As the Iran war unfolded in the Mideast, Asif Merchant acknowledged in a US court that he sought to put an assassination in motion during the 2024 presidential campaign — a plot that was quickly disrupted by American investigators before it had a chance to proceed.

A jury in Brooklyn convicted Merchant on terrorism and murder for hire charges.

The verdict after only a couple hours of deliberations followed a weeklong trial that included remarkable testimony from Merchant himself.

Merchant told the jury he was carrying out instructions from a contact in the Islamic Republic’s powerful paramilitary Revolutionary Guard. According to Merchant, the handler never specified a target but broached names including then-candidate Donald Trump, then-President Joe Biden and Nikki Haley, the former UN ambassador who was also in the race for a time.

The Iranian government has denied trying to kill US officials.

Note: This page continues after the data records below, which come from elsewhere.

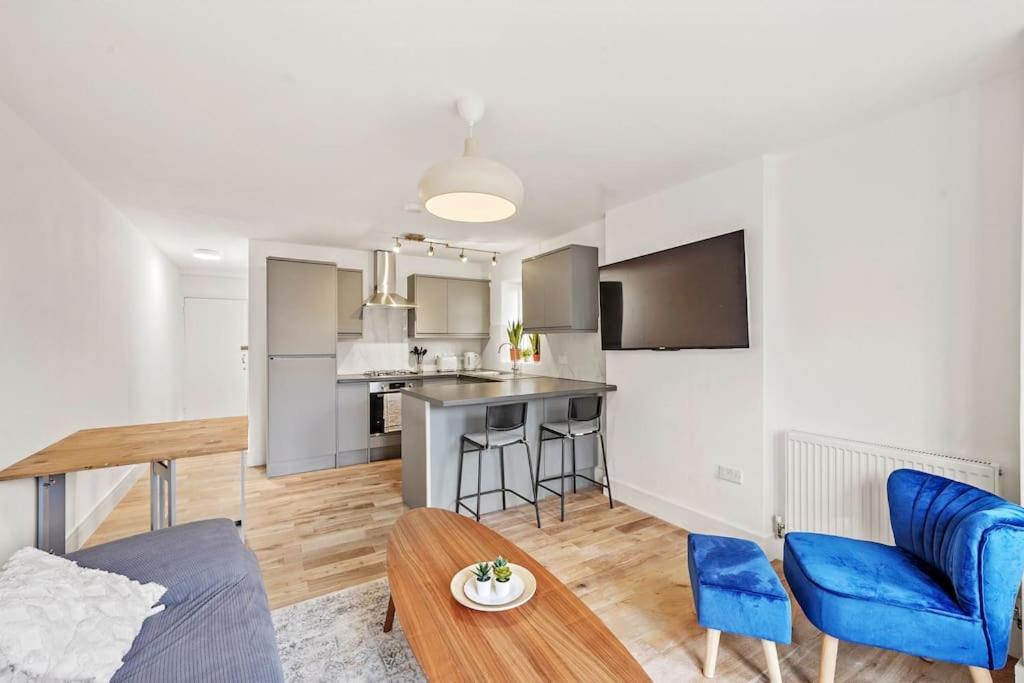 Apartment Stunning 2 Bedroom Flat & Garden,
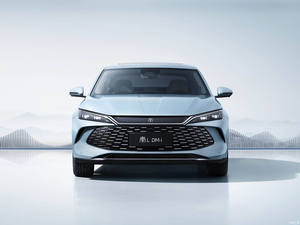 2025 Byd Qin L DM-i 120KM Edición de conducción inteligente AWD sedán de cuatro puertas y cinco plazas con dirección izquierda y asientos de cuero - Product Image 2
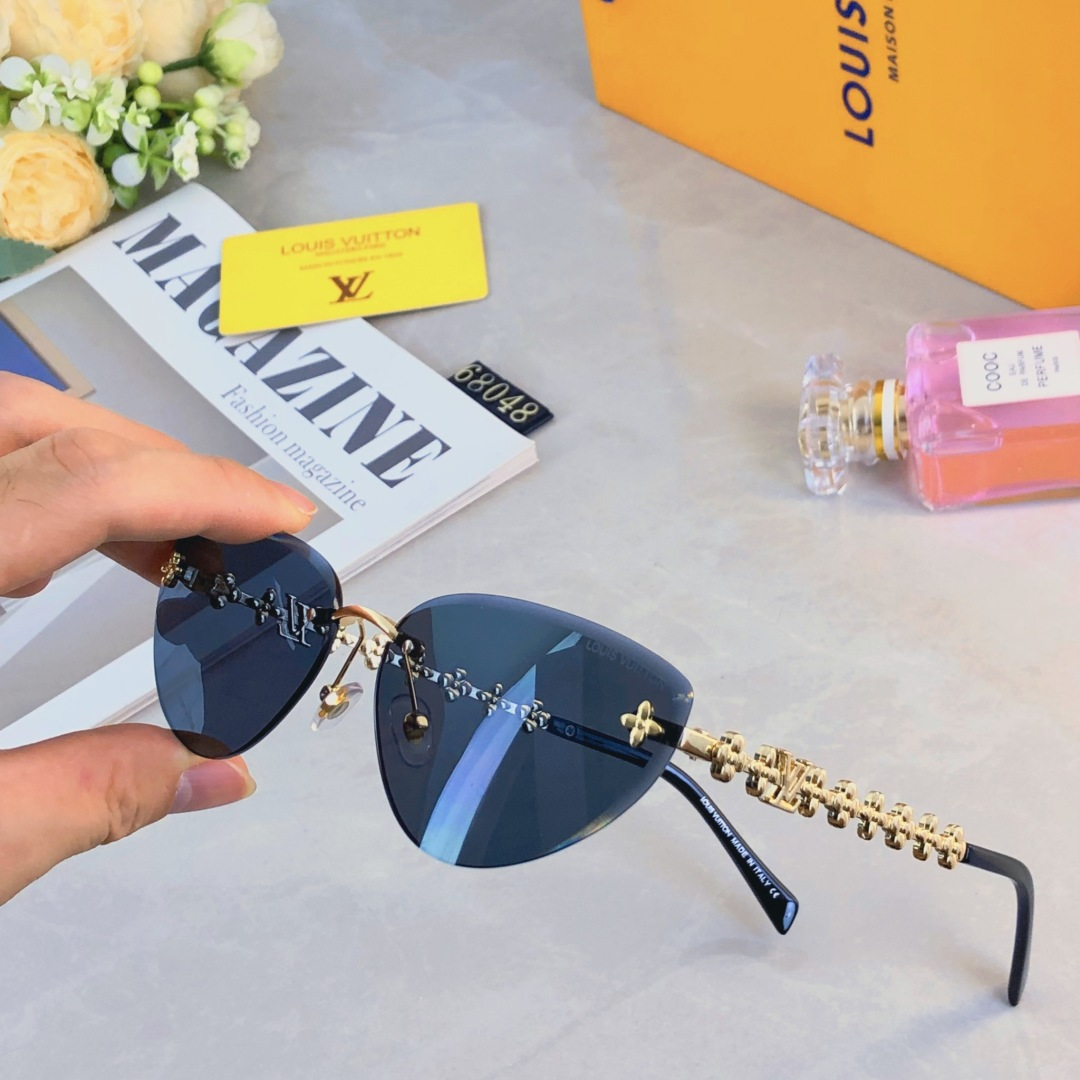 High quality temperament sunscreen sunglasses 1 pls add : 18030258501 if you need size guide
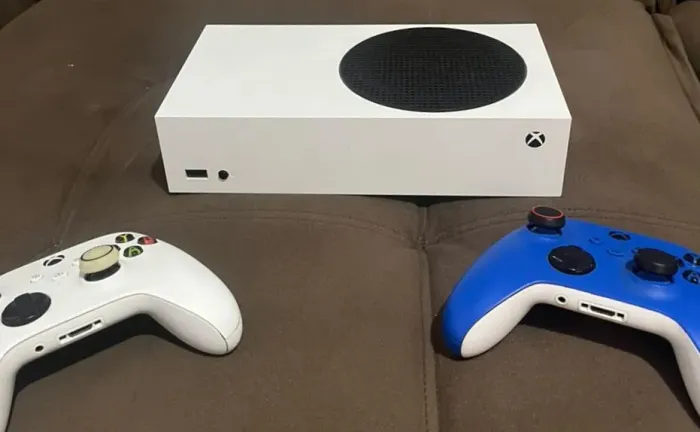 XBOX SERIES S - 521GB - FUNCIONANDO PERFEITAMENTE.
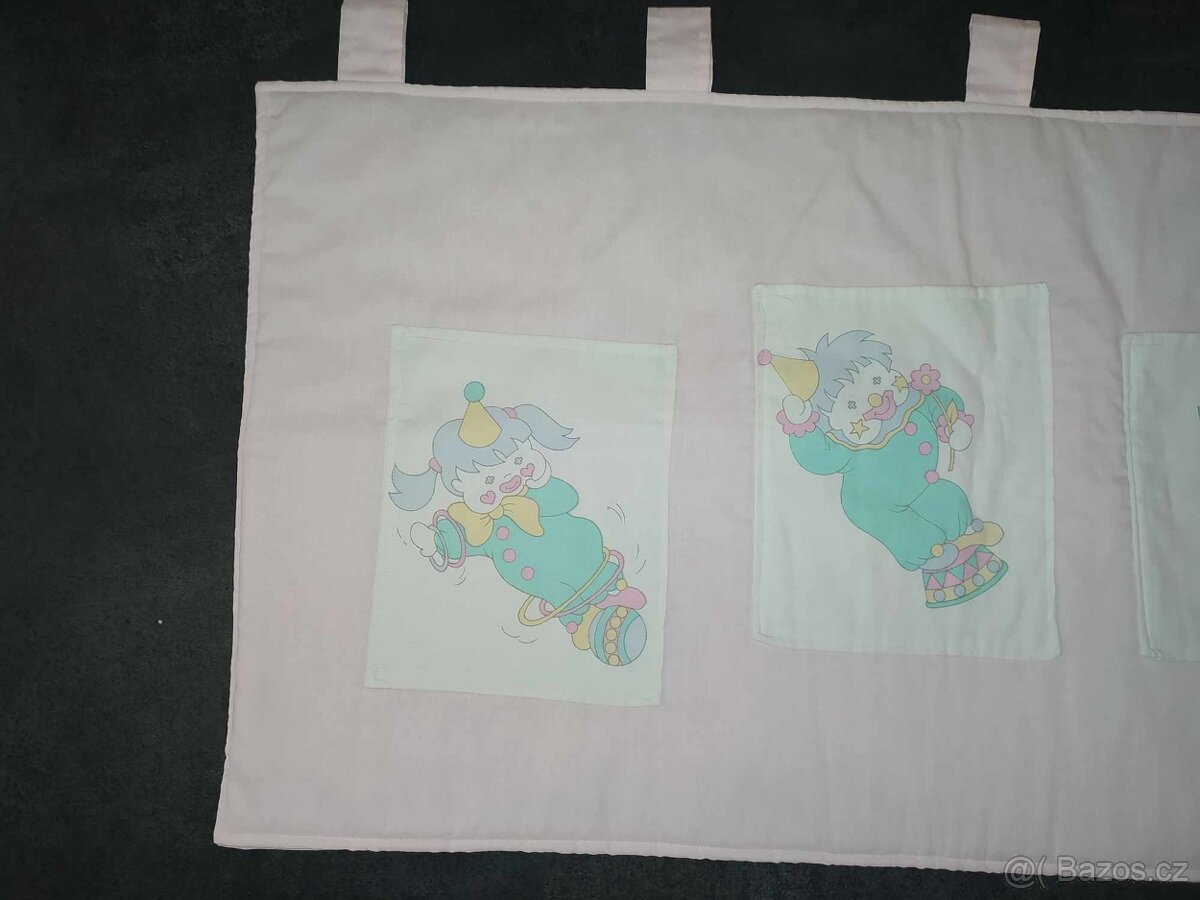 Kapsář okolo postele - 3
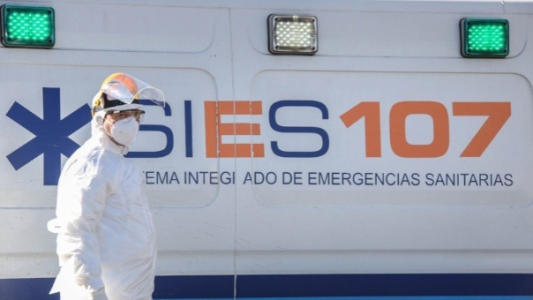 Dramática espera: "Las ambulancias terminan siendo camas móviles"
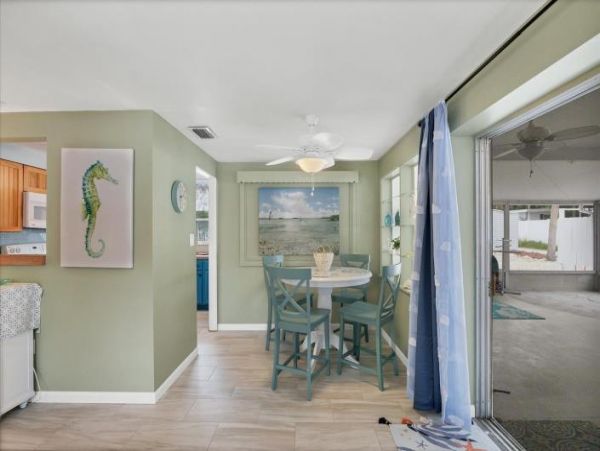 Cozy Vacation Rental with 2 Bedrooms in Manasota Key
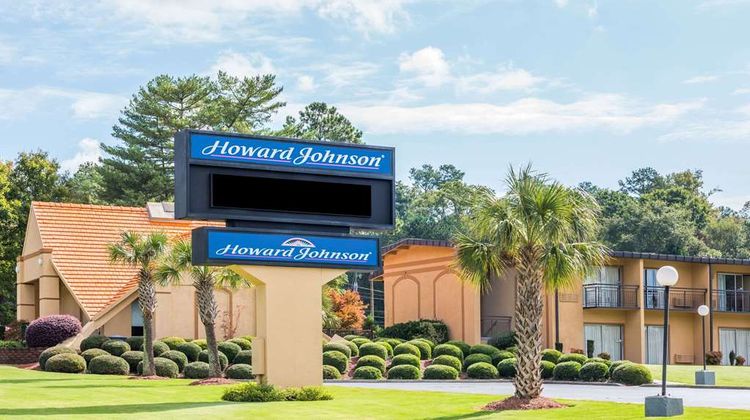 Howard Johnson Inn Athens Exterior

The nascent plot fell apart after Merchant showed an acquaintance what he had in mind by using objects on a napkin to depict a shooting at a rally. He asked the man to help him hire assassins. Instead, he was introduced to undercover FBI agents who were secretly recording him, as had the acquaintance.

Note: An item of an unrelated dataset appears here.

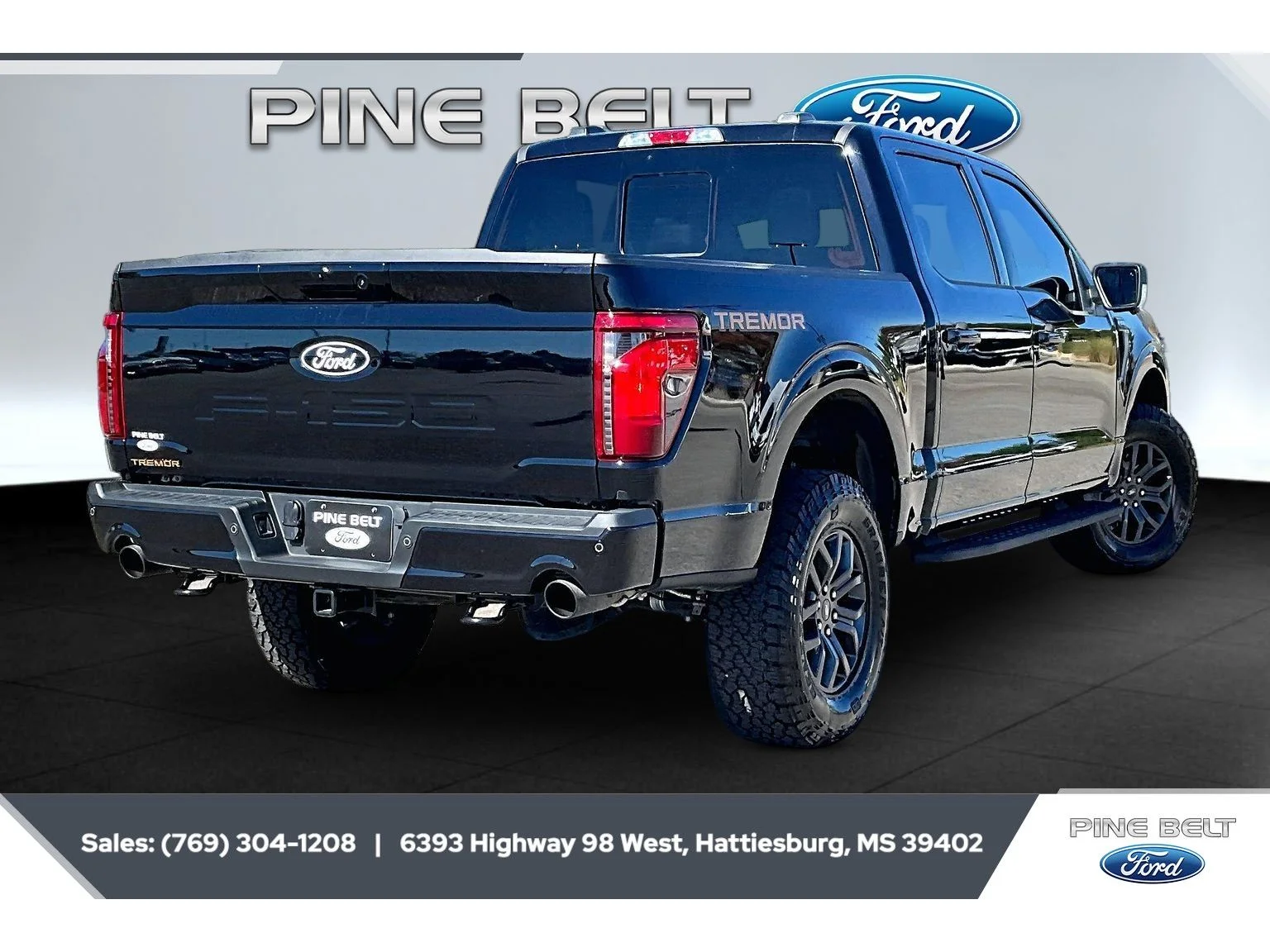 Used 2025 Agate Black Metallic Ford Tremor image 11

Merchant told the supposed hit men he needed services that could include killing “some political person” and paid them $5,000 in cash in a parked car in Manhattan.

“This man landed on American soil hoping to kill President Trump — instead, he was met with the might of American law enforcement,” US Attorney General Pam Bondi said in a statement released after the conviction.

Merchant’s attorney, Avraham Moskowitz, didn’t immediately reply to a message seeking comment.

Merchant, 47, worked for Pakistani banks for decades before going into clothing and other businesses. He has two families, in Pakistan and Iran, and he sometimes visited the US for his garment business.

Merchant testified that he met a Revolutionary Guard intelligence operative about three years ago. The contact gave him countersurveillance training and assignments including the assassination scheme, Merchant said.

He maintained that he had to do his handler’s bidding to protect loved ones in Iran. The defendant said he reluctantly went through the motions but thought he’d be arrested and explain his situation to authorities before anyone was killed.

“I was going along with it,” he said, speaking in Urdu through a court interpreter.

Prosecutors emphasized that Merchant admitted taking steps to enact the plan on behalf of the Revolutionary Guard, which the US considers a foreign terrorist organization, and he didn’t proactively go to authorities.

Instead, he was packing for a flight to Pakistan when he was arrested on July 12, 2024, a day before an unrelated attempt on Trump’s life in Butler, Pennsylvania. Officials said it appeared the Butler gunman acted alone but that they had been tracking a threat on Trump’s life from Iran, a claim that the Islamic Republic called “unsubstantiated and malicious.”

When Merchant subsequently spoke to FBI agents to explore the possibility of a cooperation agreement, he didn’t say he had acted out of fear for his family.

Prosecutors argued that he didn’t back up a defense of acting under duress. Merchant sought to persuade jurors he simply didn’t think the agents would believe him because they seemed to “think that I am some type of super-spy,” which he said he was “absolutely not.”